#### Exercise goal
After finding "Kamyon Sürücüsüne Çamur Ceza" in a line below, print that line and the rest of the lines exactly, leaving out all pictures.
--- Data shown ---
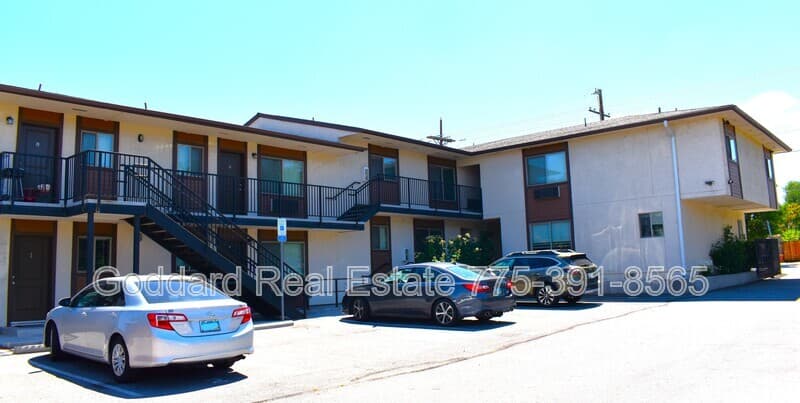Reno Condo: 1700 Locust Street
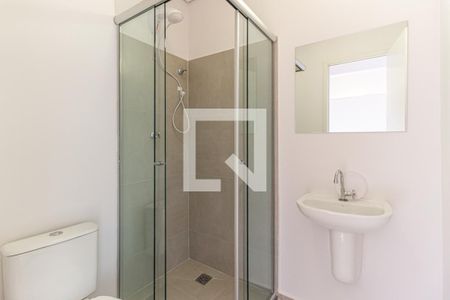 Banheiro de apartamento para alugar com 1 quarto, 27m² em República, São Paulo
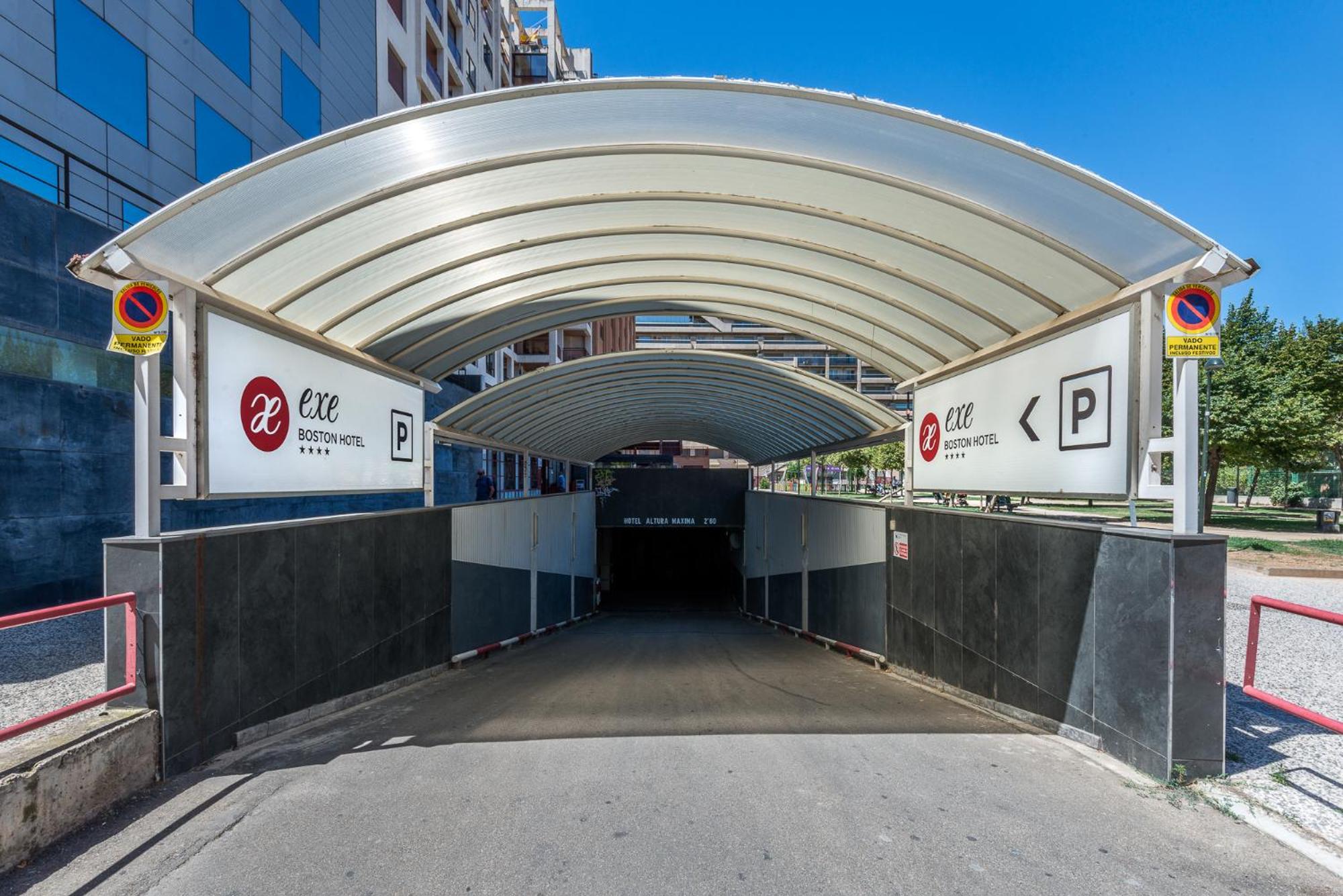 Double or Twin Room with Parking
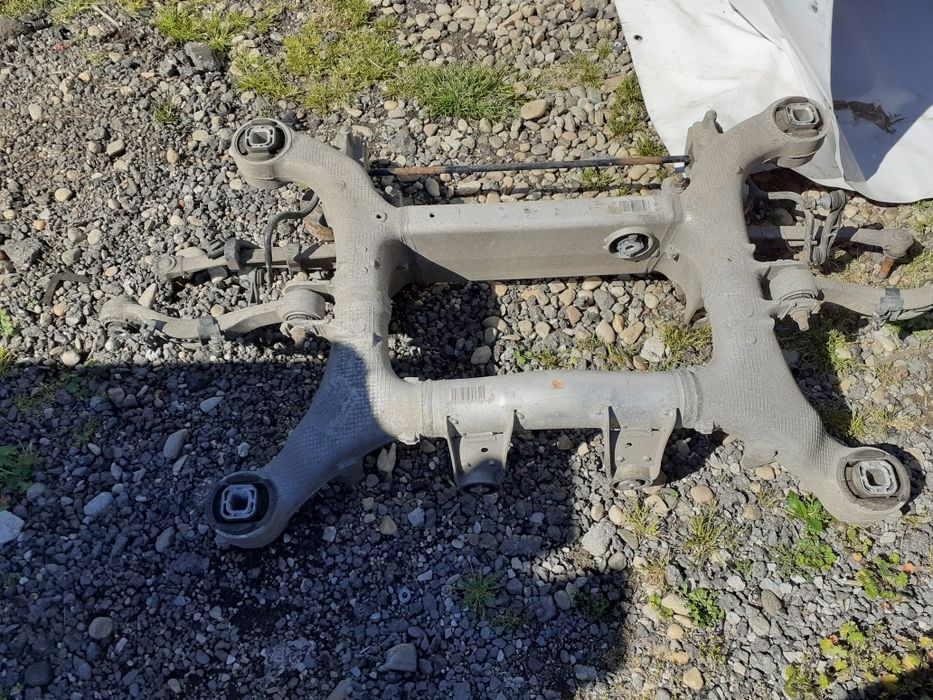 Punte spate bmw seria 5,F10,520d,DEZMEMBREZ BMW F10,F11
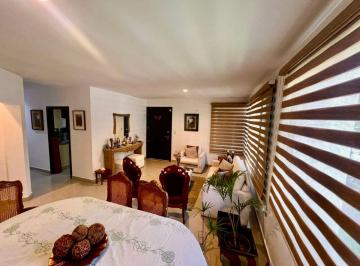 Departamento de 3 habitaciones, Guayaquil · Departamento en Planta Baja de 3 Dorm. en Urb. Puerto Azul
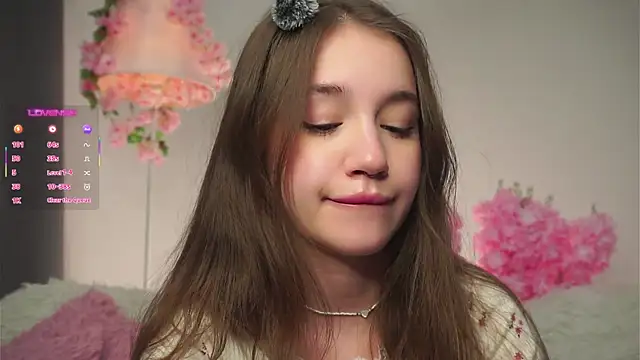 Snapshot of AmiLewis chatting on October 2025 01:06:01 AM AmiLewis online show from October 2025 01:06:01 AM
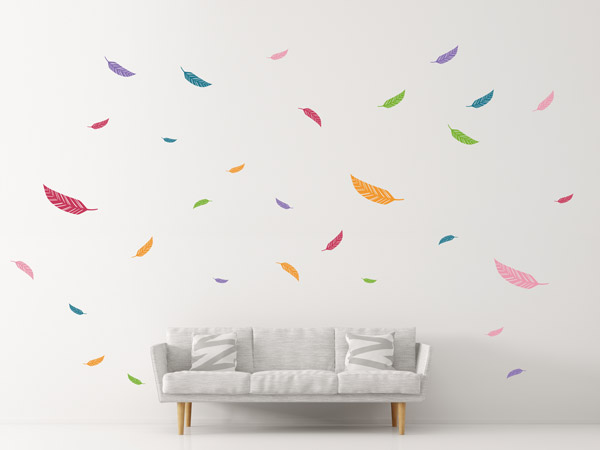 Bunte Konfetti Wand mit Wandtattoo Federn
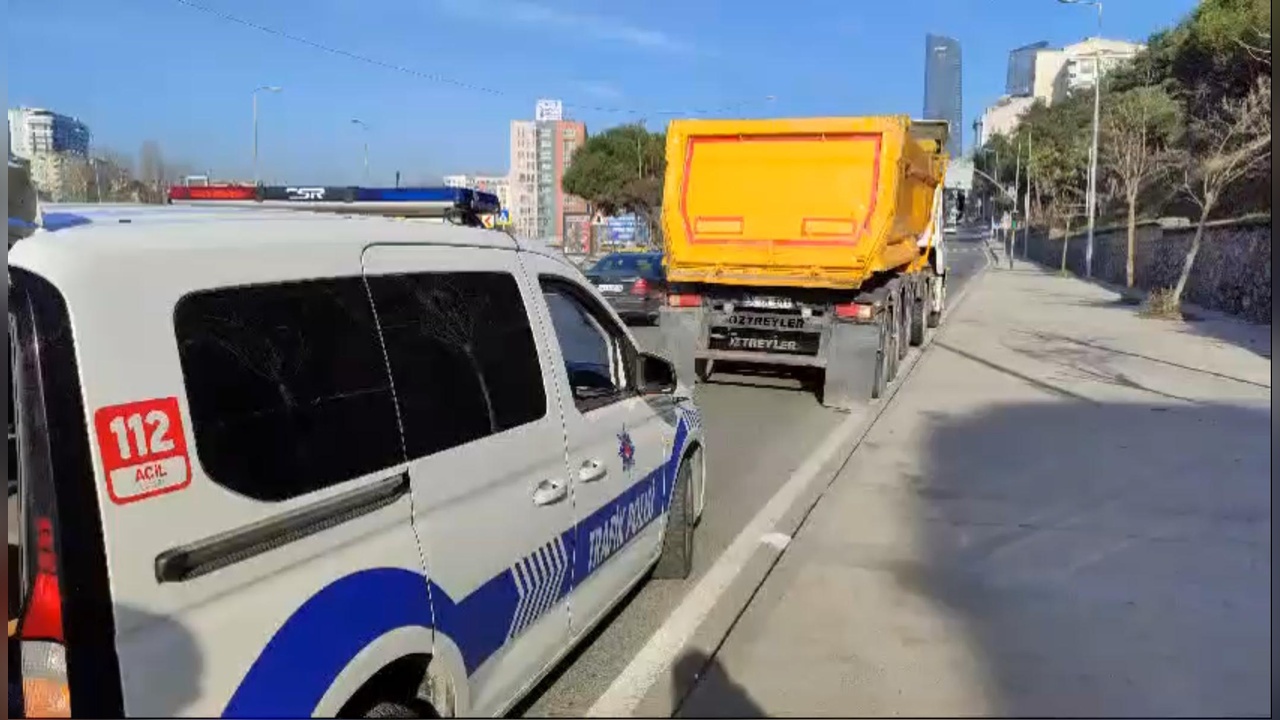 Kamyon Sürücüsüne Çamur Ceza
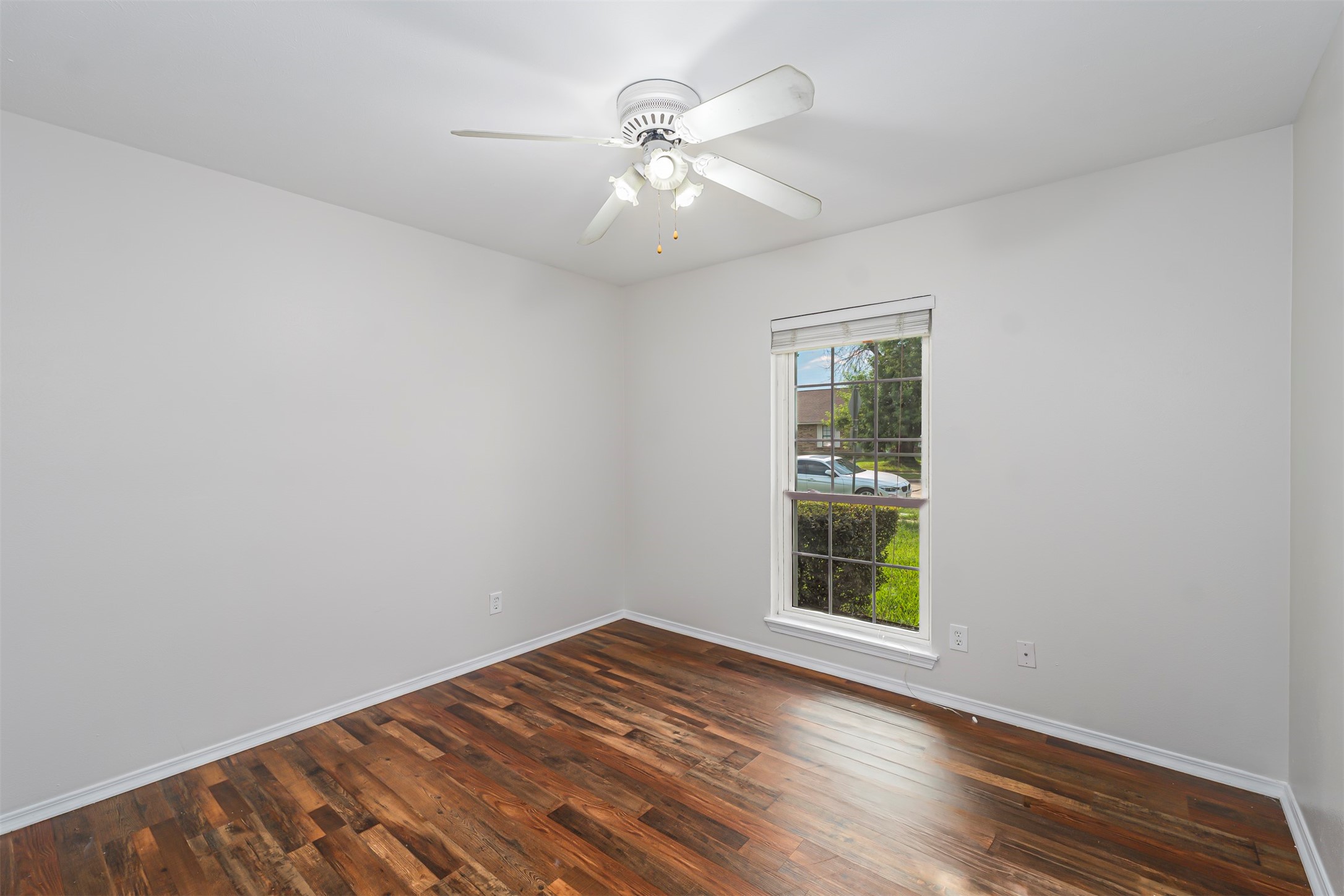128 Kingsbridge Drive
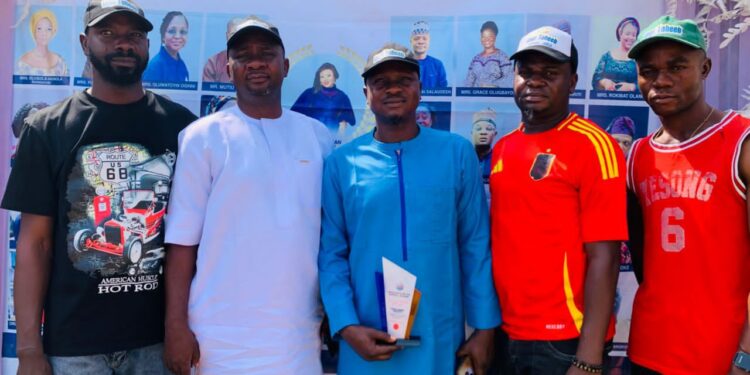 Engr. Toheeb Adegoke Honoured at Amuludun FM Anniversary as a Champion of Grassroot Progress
---
#### Task response
 Kamyon Sürücüsüne Çamur Ceza
128 Kingsbridge Drive
 Engr. Toheeb Adegoke Honoured at Amuludun FM Anniversary as a Champion of Grassroot Progress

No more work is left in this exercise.